RECORD SET
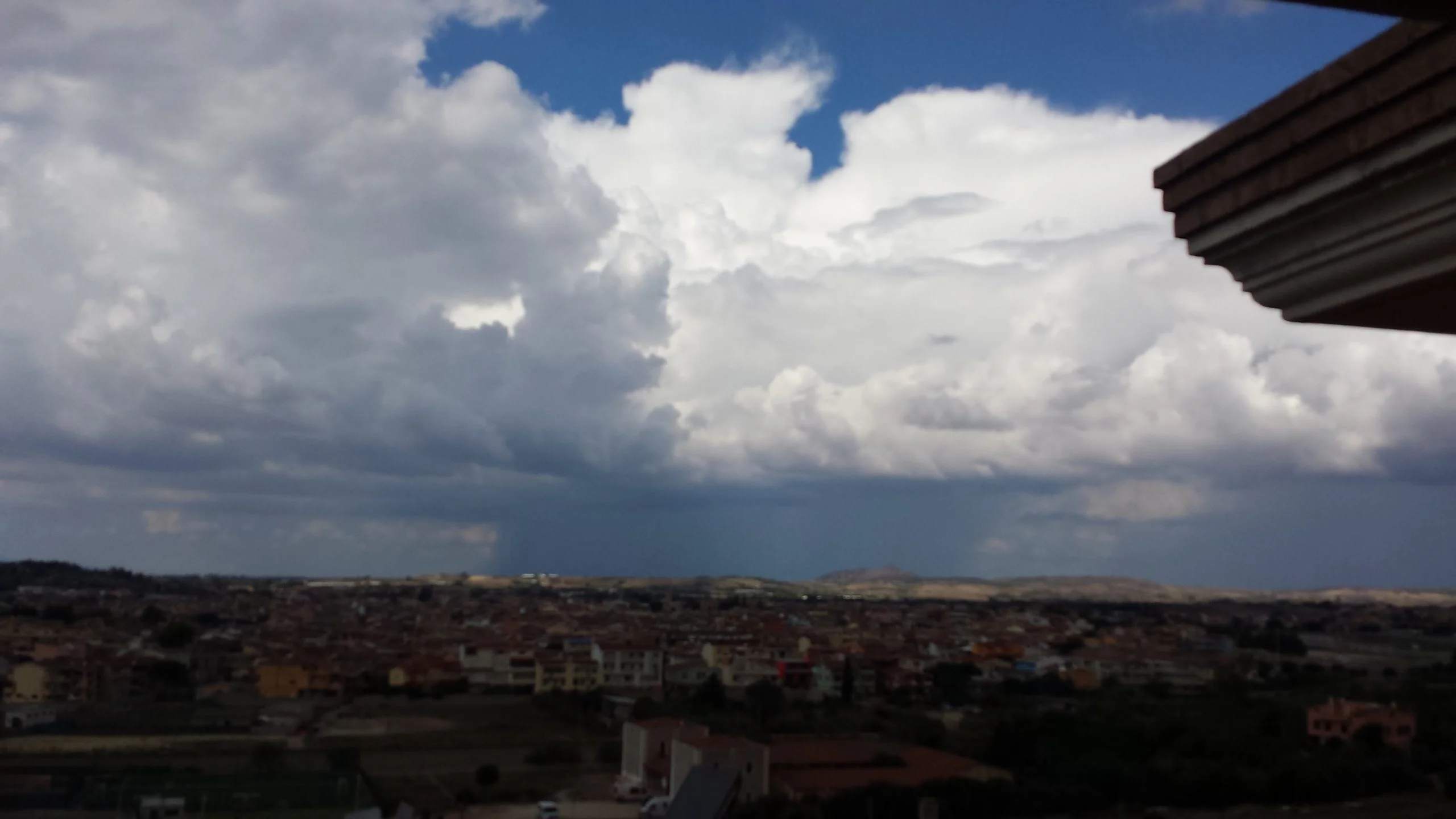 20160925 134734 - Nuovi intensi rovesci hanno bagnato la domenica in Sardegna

...

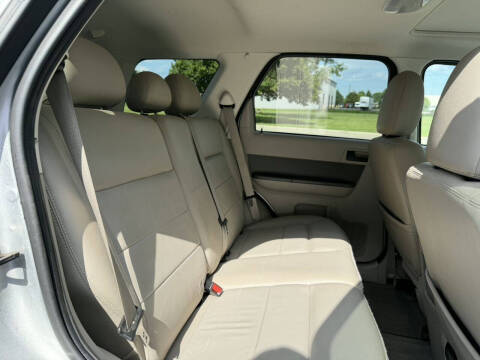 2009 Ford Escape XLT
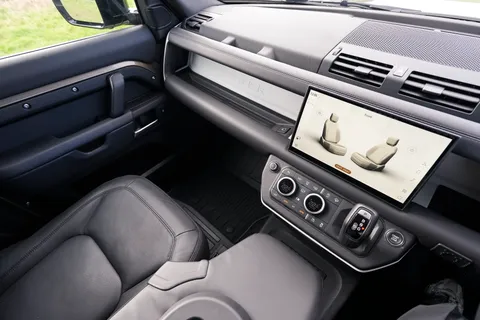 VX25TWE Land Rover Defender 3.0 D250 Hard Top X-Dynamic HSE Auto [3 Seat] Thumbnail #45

YOUR OBJECTIVE
Above are some records; extract exactly the lines from the one containing "2009 Ford Escape XLT" through the one containing "VX25TWE Land Rover" and drop the pictures.

WRITTEN REPLY
 2009 Ford Escape XLT
 VX25TWE Land Rover Defender 3.0 D250 Hard Top X-Dynamic HSE Auto [3 Seat] Thumbnail #45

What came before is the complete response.